DMX is Appearing on a Reality TV Show? And it’s not Cops?!

DMX used to be such a badass! There are few hiphop songs in the world more intense than “Bring Your Whole Crew”. The song that he was most known for, since it was in every Disney movie ever made in the early 2000s, is “Party Up”. For whatever reason, nobody listened past the intro, because if they had, they would have heard this:

If I gotsta bring it to you cowards then it’s gonna be quick, aight
All your mens up in the jail before, suck my dick

Only DMX could get away with shit like that! He’s been on trial for everything! Rape in prison, Grand theft auto, guns, drugs, obscene language, menacing, criminal mishief, defamation of character, driving recklessly, speeding, violating probation, the list goes on and on and on. He even got to make fun of Ja Rule openly! When it comes to living the insane life that all of these “artists” talk about, DMX actually walked the walk.

Right now, you’re probably thinking where DMX is. Nobody has heard from him in what seems like years. Is he back in jail? Did he murder someone? Has he quit the game? No. He’s done something even worse.

DMX is currently a minister, and it isn’t rap anymore, it’s gospel. No, I’m not kidding. After:

I got blood on my hands and there’s no remorse
I got blood on my dick cuz I fucked a corpse
I’m a nasty nigga when u pass me nigga look me in my eyes
Tell me to my fuckin face that u ready to die

He is making such top 100(0) hitlists with “Lord Give me a Sign”:

Lord Give me a Sign!
I really need to talk to you Lord
Since the last time we talked the walk has been hard
Now I know you haven’t left me.

God, I hate it when people do this. Not just DMX, but people in general. He’s turning into Tim Tebow, and I HATE Tim Tebow. Do you think God cares, Tebow or DMX? Really?

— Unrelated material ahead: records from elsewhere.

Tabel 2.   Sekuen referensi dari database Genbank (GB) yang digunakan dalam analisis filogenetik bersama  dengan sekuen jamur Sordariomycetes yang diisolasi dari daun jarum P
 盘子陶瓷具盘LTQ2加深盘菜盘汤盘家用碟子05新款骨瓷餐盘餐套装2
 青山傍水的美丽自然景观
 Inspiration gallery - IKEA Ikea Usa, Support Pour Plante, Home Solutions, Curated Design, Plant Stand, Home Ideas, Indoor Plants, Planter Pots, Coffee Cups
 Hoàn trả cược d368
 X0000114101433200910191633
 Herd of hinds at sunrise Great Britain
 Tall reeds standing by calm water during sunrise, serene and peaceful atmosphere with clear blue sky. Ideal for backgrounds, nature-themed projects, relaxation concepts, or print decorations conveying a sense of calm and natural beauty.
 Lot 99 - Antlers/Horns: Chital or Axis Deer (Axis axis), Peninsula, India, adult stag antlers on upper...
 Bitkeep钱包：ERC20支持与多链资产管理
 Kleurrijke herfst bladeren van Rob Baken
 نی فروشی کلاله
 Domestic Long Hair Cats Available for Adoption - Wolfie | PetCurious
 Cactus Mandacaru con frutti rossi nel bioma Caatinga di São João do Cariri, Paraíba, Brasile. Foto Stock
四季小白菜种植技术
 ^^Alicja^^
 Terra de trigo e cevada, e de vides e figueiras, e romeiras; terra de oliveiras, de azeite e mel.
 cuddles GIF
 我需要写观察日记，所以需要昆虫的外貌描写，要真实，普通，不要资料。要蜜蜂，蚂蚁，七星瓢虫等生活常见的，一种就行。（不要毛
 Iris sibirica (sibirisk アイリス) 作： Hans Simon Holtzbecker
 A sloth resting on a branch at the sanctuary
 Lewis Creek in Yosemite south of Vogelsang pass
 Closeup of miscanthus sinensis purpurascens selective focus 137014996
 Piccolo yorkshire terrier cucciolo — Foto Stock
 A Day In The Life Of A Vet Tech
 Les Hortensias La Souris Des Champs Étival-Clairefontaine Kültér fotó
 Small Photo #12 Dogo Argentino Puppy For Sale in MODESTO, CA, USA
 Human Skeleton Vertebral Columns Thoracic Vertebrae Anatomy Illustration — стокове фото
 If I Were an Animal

He doesn’t have enough on his plate? Starvation, child soldiers, tyrannical leaders, rape, murder, getting Blue Bloods off the air, and everyone who watches Twilight. With all of that going on, you think he’d waste his time with football or some shitty joke of an album?

Anyways, now that he’s a failure, DMX announced a week ago he’ll go on some waste of money television show, Relationship Rehab, where he’ll try and rebuild his marriage. His current wife (who cares about her name, you don’t know or care who she is anyways) who he has 4 children with, will try to fix their most recent seperation. I’m thinking it has something to do with him having 6 bastard children with various women. Filming starts next month and will premier on VH1.

Don’t lie to me America. We love a good old-fashioned train wreck, and we get a front row seat to this hilarious end to one of rappers badass reigns and you’re going to pretend like you wont watch it? We were obsessed over Charlie Sheen’s meltdown and nobody even cares about him. Hell, I’ll watch a celebrity sex tape even if the girl isn’t hot, and I have no interest in ever seeing her naked! Don’t lie, if Sarah Jessica Parker came out with one tomorrow, you’d watch it. And she looks like a horse!

You’re going to tell me you don’t like watching celebrities circle the drain, then I will happily call you a liar. Or un-American, whichever you don’t prefer.